Below are descriptions of some of my data science projects. You can also click on the titles for links to the code on github.

Recommendation system for rock climbing routes

mountainproject.com is a website that provides information about rock climbing areas and allows users to rate climbing routes. Using data that I scraped from Mountain Project, I built a collaborative-filter recommender system that recommends new routes in The Shawangunks (Gunks) in upstate New York. I also built a climbing partner finder that pairs climbers based on their climbing preferences.

I examined 470 routes in the Gunks which were rated by about 2,400 climbers for a total of about 31,000 ratings.

ratings
Climbing routes can be rated from 0-4 and the mean rating is 2.9. About half of the climbers have rated 5 or fewer routes.

Using the collaborative-filtering library surprise, I trained a k-nearest neighbor estimator to predict the ratings that climbers would give to routes they have not climbed yet. This can then be used to rank the top N climbs to suggest to each climber. The root-mean-square error (RMSE) for the final model was 0.62. This can be compared to the baseline RMSE of 0.87 that I get if I just use the average rating of all climbing routes.

KNNUserRecommender
5-fold cross validation of a user-based k-nearest neighbor estimator. The value k=500 neighbors minimizes the root-mean-squared cross-validation error. 

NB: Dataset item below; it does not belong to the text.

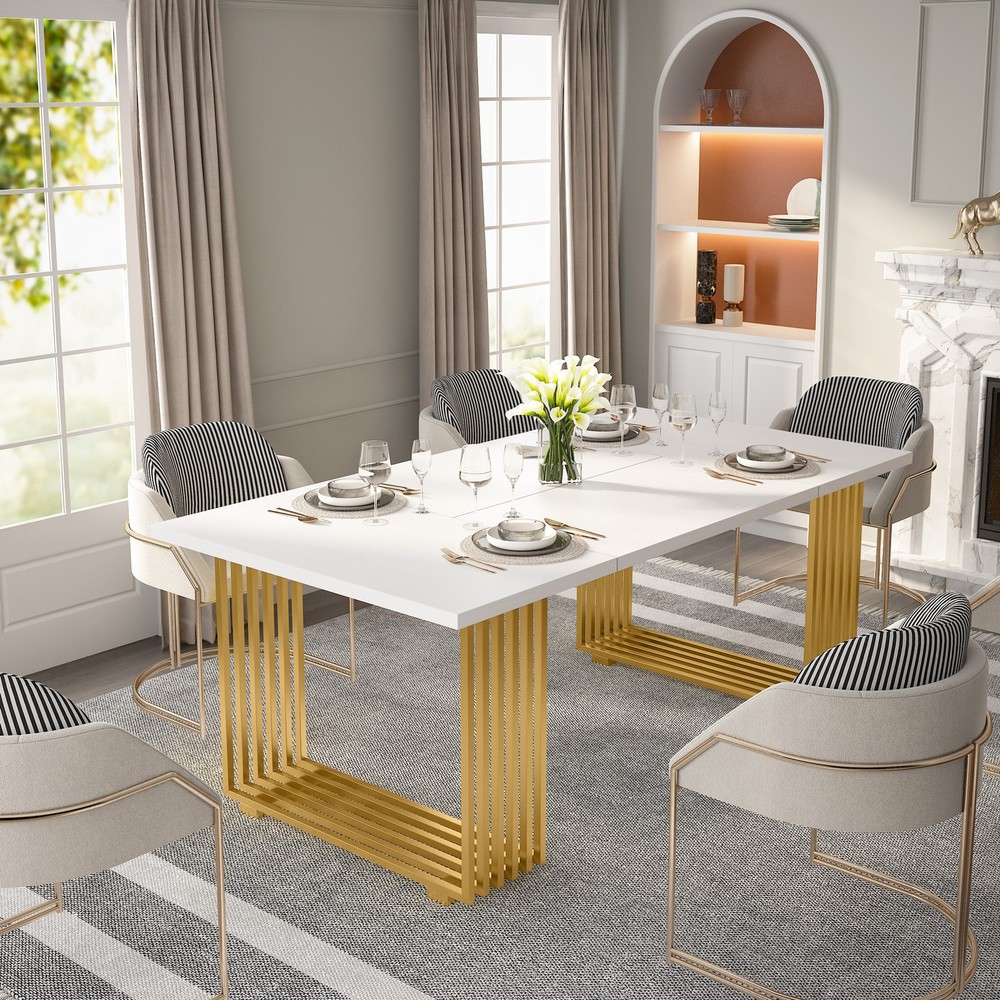 71'' Modern Executive Desk, Large Office Computer Desk Simple Workstation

In addition, the k-nearest neighbors works by calculating the similarity between climbers (for a user-based similarity calculation) or the similarity between climbing routes (for an item-based similarity calculation). This allows us to suggest climbing partners by ranking climbers that are most similar. Or, if a climber is looking for new routes that are most like a given route, the item-based similarity can suggest the most similar routes. Examples of these rankings can be found in this notebook.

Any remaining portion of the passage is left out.